Repeat exactly the lines of the records below, starting at the line containing "Appartement à louer, 20m², Paris 16ème" and ending at the line containing "Read Kane no". Leave the pictures out.

### MATERIAL SHOWN
****************

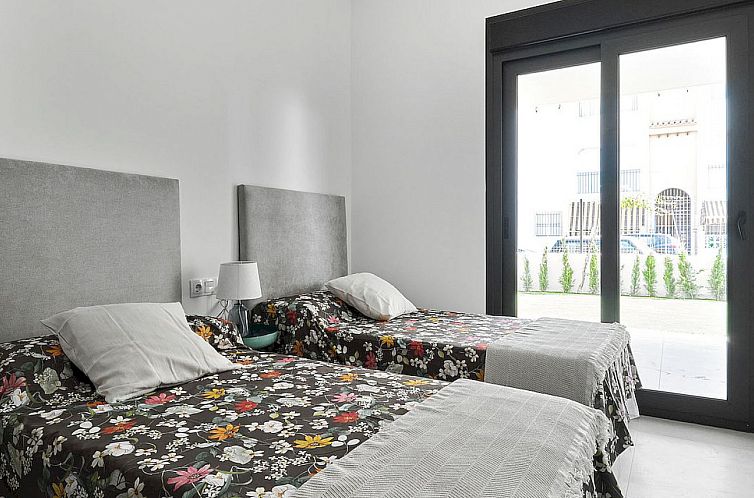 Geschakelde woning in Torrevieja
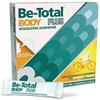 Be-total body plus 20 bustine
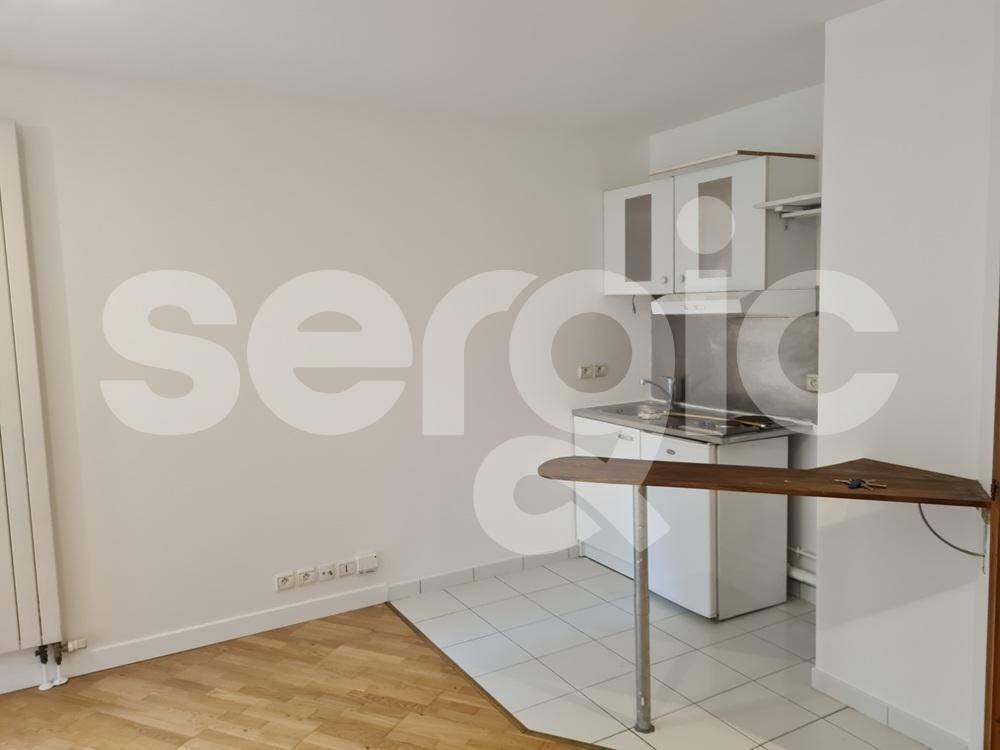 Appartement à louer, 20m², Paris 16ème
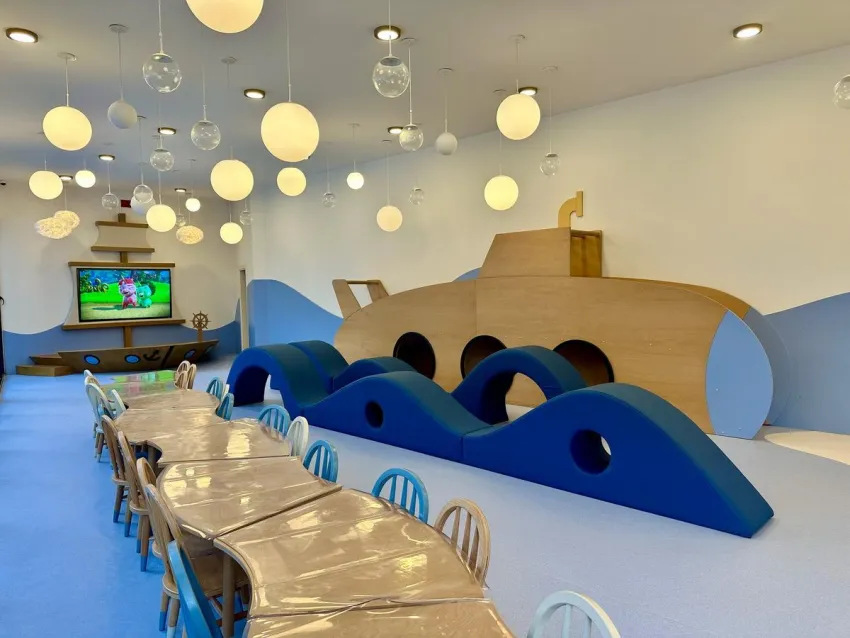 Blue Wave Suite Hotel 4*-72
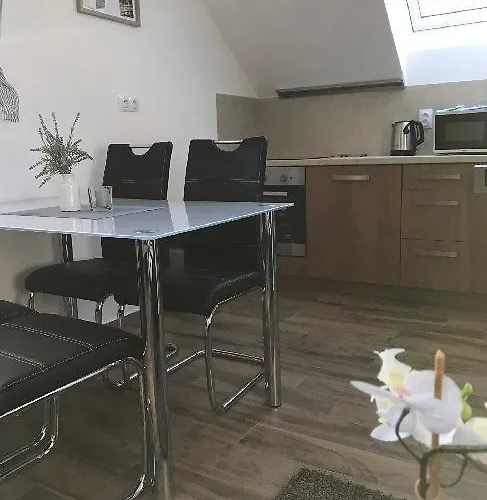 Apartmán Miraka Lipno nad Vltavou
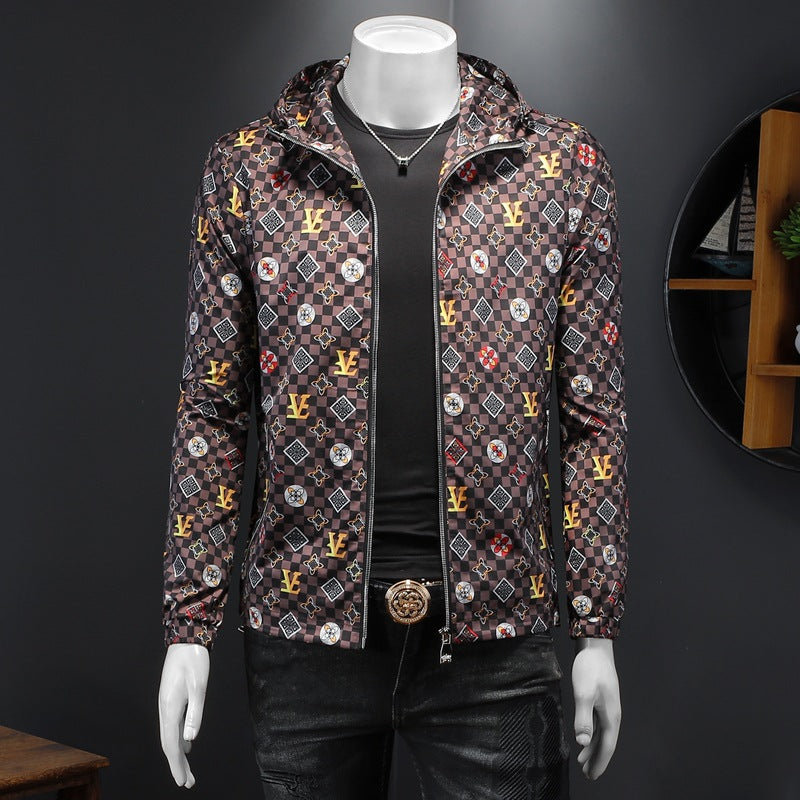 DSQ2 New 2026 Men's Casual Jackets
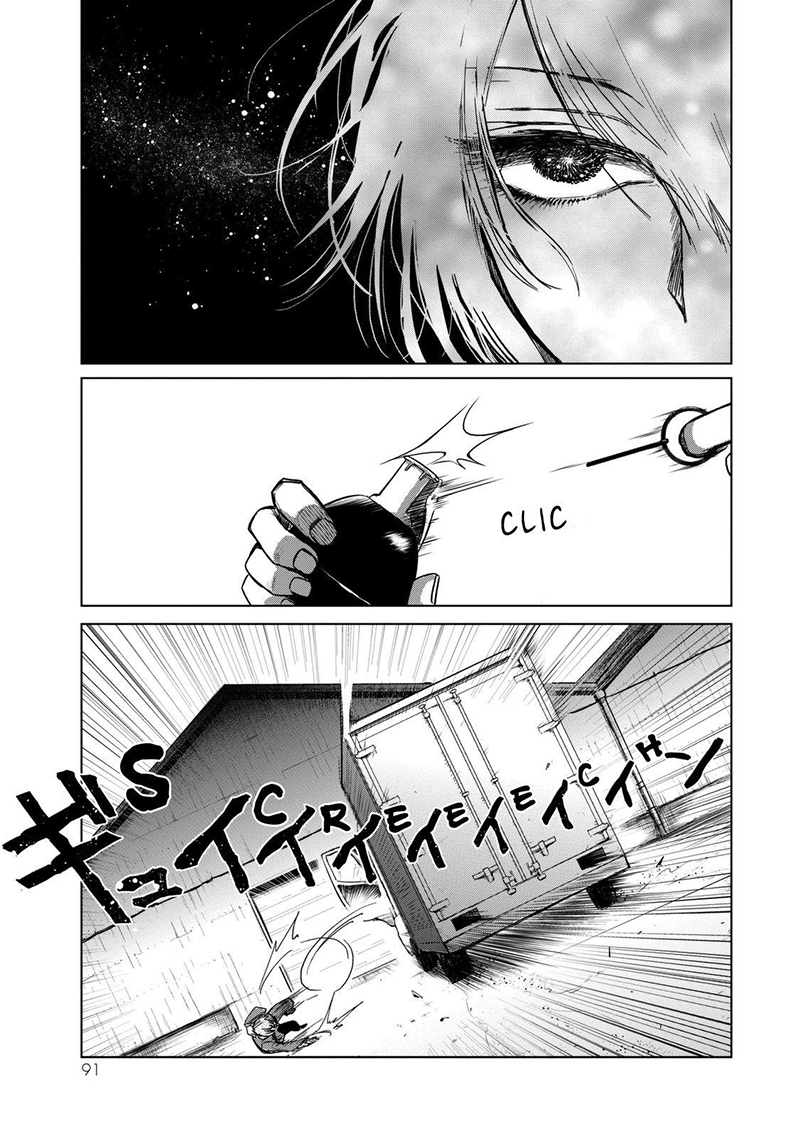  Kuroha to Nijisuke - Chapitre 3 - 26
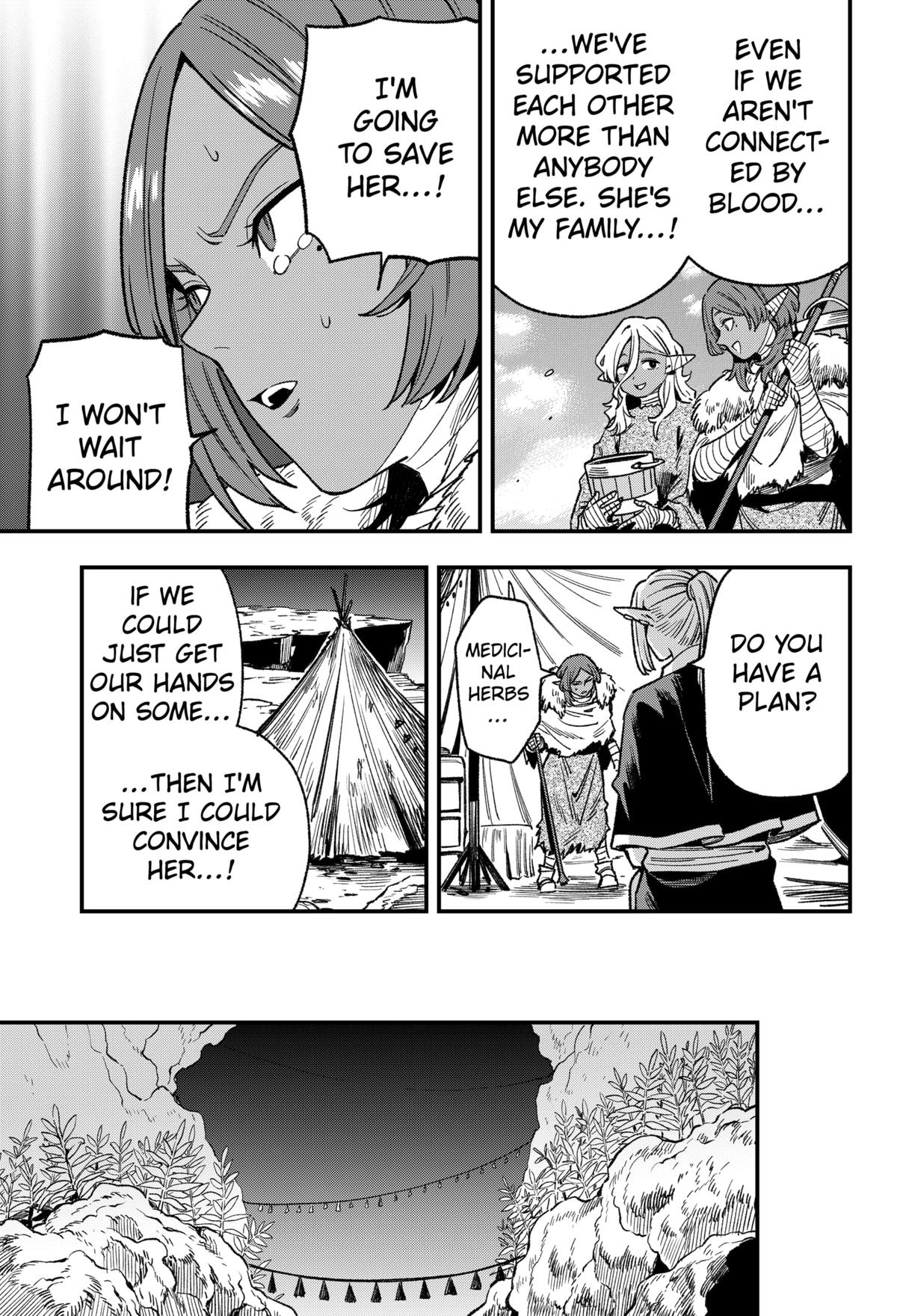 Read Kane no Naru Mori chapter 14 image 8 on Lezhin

****************

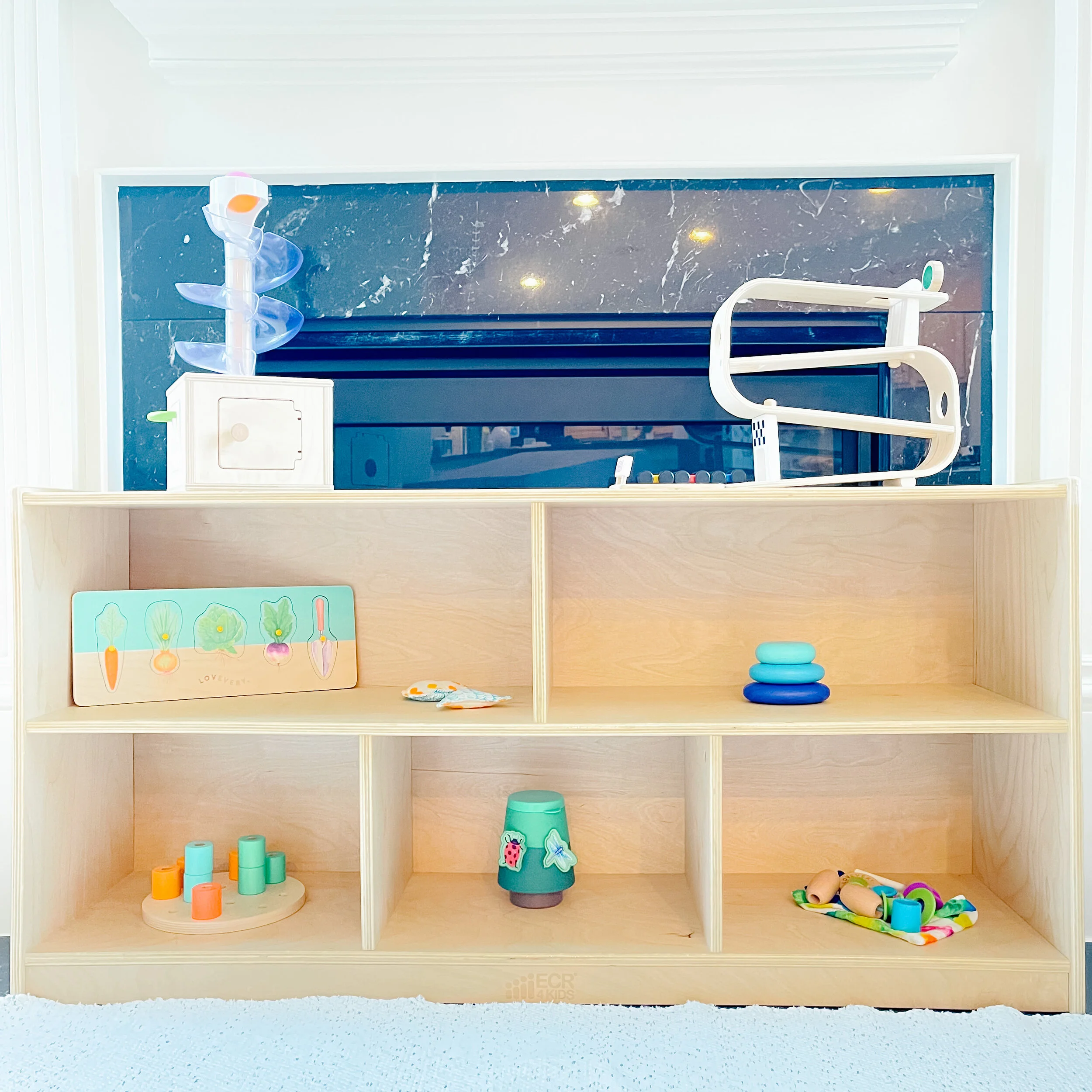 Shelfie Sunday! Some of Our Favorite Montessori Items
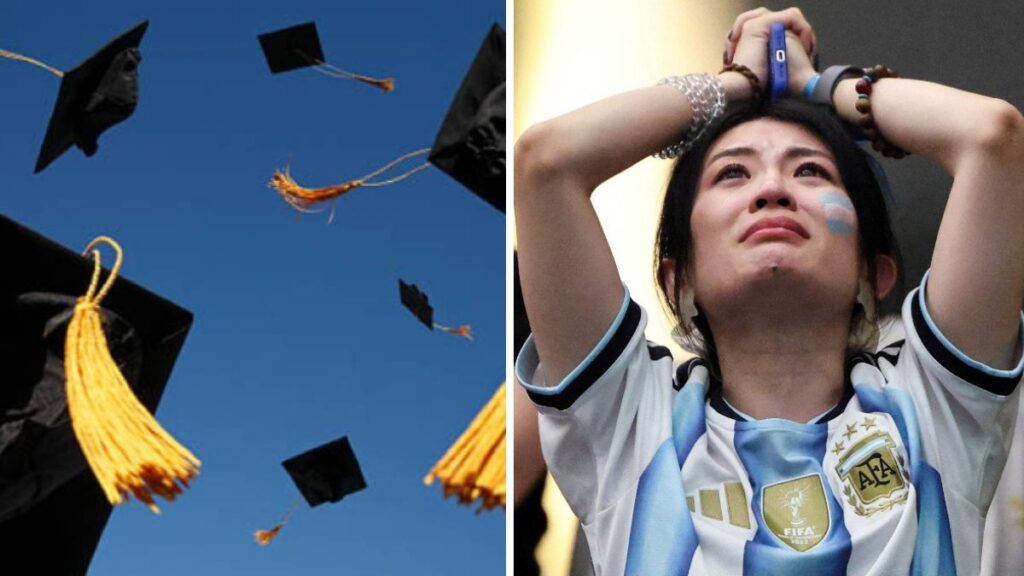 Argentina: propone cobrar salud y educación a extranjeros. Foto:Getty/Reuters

****************

### EXERCISE SOLUTION
 Appartement à louer, 20m², Paris 16ème
 Blue Wave Suite Hotel 4*-72
 Apartmán Miraka Lipno nad Vltavou
 DSQ2 New 2026 Men's Casual Jackets
  Kuroha to Nijisuke - Chapitre 3 - 26
 Read Kane no Naru Mori chapter 14 image 8 on Lezhin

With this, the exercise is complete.